Singaporeans’ interest in Australian property wanes
Singaporeans are still buying property in Australia but their interest has dwindled slightly, given the abundance of residential options back home.
Julian Sedgwick, head of sales and marketing for high-end property developer Crown Group Australia, said that if the recent sales performance at the group’s mixed-use project, Waterfall, is a good proxy, Singaporeans seem to be holding back from international property purchases partly due to the abundance of options in their own domestic property market.
In a recent interview with The Business Times, he said: “Singapore is a tougher market at the moment for international property. Having said that, we did 10 sales out of the launch (from Singaporeans). People are just more conservative about where they are investing. There are a lot of options around.”
That was 10 units sold out of a total of 331 apartments. Of the units sold, a quarter came out of Asia, mostly from China, Jakarta, Singapore and Hong Kong.

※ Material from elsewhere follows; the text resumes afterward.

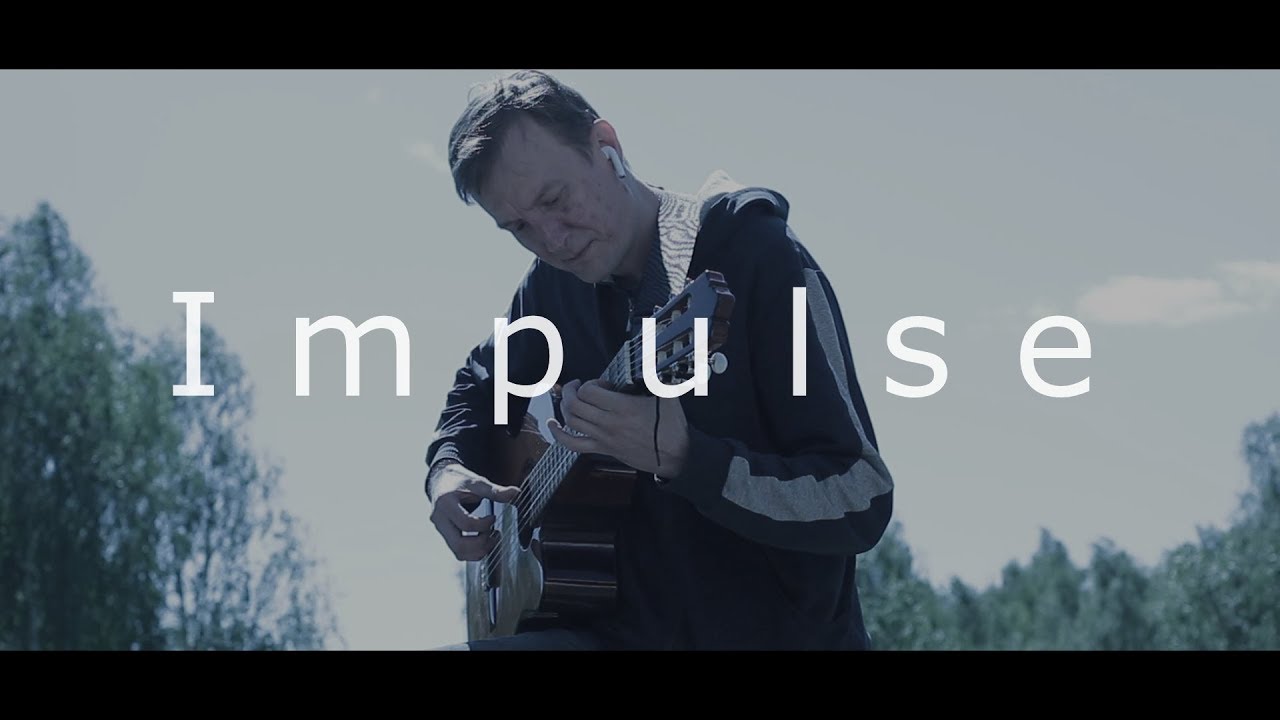 Ilua Filipov IMPULSE | Fingerstyle guitar - Filippov Ilya - YouTube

The project, launched on June 17 simultaneously in Sydney, Singapore, Hong Kong and Jakarta, has about 30 units left.
What could deter them further is a a new capital gains tax of 12.5 per cent for properties worth more than A$750,000 for foreigners that kicked in from July 1 this year.
The response from Australian buyers for the project, however, was “phenomenal”, said Mr Sedgwick, bearing testament to the still-growing demand for Sydney properties locally.
Part of the reason for this is the inadequate supply of homes to meet growing demand in Sydney. This is due to lengthy planning processes and height restrictions that deter the construction of high-rise towers there. This has led to chronic undersupply. At the same time, prices are rising due to the increasing population as more people, both from overseas and other parts of Australia, move to Sydney.
So far this year, house prices in Sydney have risen 13 per cent from a year ago, and apartment prices 8.6 per cent year on year, making the average increase across all dwellings to be 12.2 per cent.
Mr Sedgwick remains confident in the demand from Singapore buyers, which was why the company opened its office in Singapore in 2014, first at Suntec Tower Two, before moving to the newly completed CapitaGreen in 2016.
Its current office is a serviced office. The group is still looking for a permanent place, preferably a more spacious Grade-B office in the Orchard Road area that can accommodate more marketing displays and show suites and hold events as well.
But Crown Group has spared no effort in fitting out its current 500 square foot serviced office with wall-to-wall displays of the group’s current and completed projects. A model of Waterfall sits in the middle of the room, with one tower slightly leaning off-centre. Mr Sedgwick explained that it has been on a few rough flights.
He maintained that he is pleased with the results that the group has gotten out of the Singapore market. “We have a very strong following of investors from Singapore, but I think with what’s going on in the local residential market which seems to be recovering, people have sort of sat back to wait and see.”
Crown Group’s Singapore sales for its projects Down Under have increased 25 per cent over the last 12 months, but this is coming from a soft base in 2016, following a particularly strong 2015.
Mr Sedgwick said that the group settled close to A$800 million (S$846 million) of sales for the last financial year ended June 2017, but he declined to shed more light on the company’s revenue and earnings as it is a private company.
Crown Group’s Singapore office is the second in Asia after it opened an office in Indonesia in 2013. Indonesia was a natural choice, given that both its Chairman and Group CEO, Iwan Sunito, and CEO Paul Sathio, were originally from Indonesia. They later studied and now live in Australia, but their connections back home remain strong.
Asked if buyers from different countries have nuanced differences in their preferences, Mr Sedgwick said not really, but noted that Singaporean buyers are much more savvy investors.
“They will do their homework; they really do take their time to understand the development. Every time I meet different buyers, they know the area, the bus routes, the educational institutions (nearby). They know everything.
“In Indonesia, you have to spend more time with the buyers. There is more handholding needed, because it’s a newer thing for them. But we do still do great volumes out of Indonesia. And I think it is also because there are not so many launches every weekend in Jakarta, not so much offering out there.”
While its two offices have been sufficient to oversee sales within the region thus far, there is also a clear indicator to him that China and Hong Kong are promising buyer markets and the group may consider setting shop there next, he said.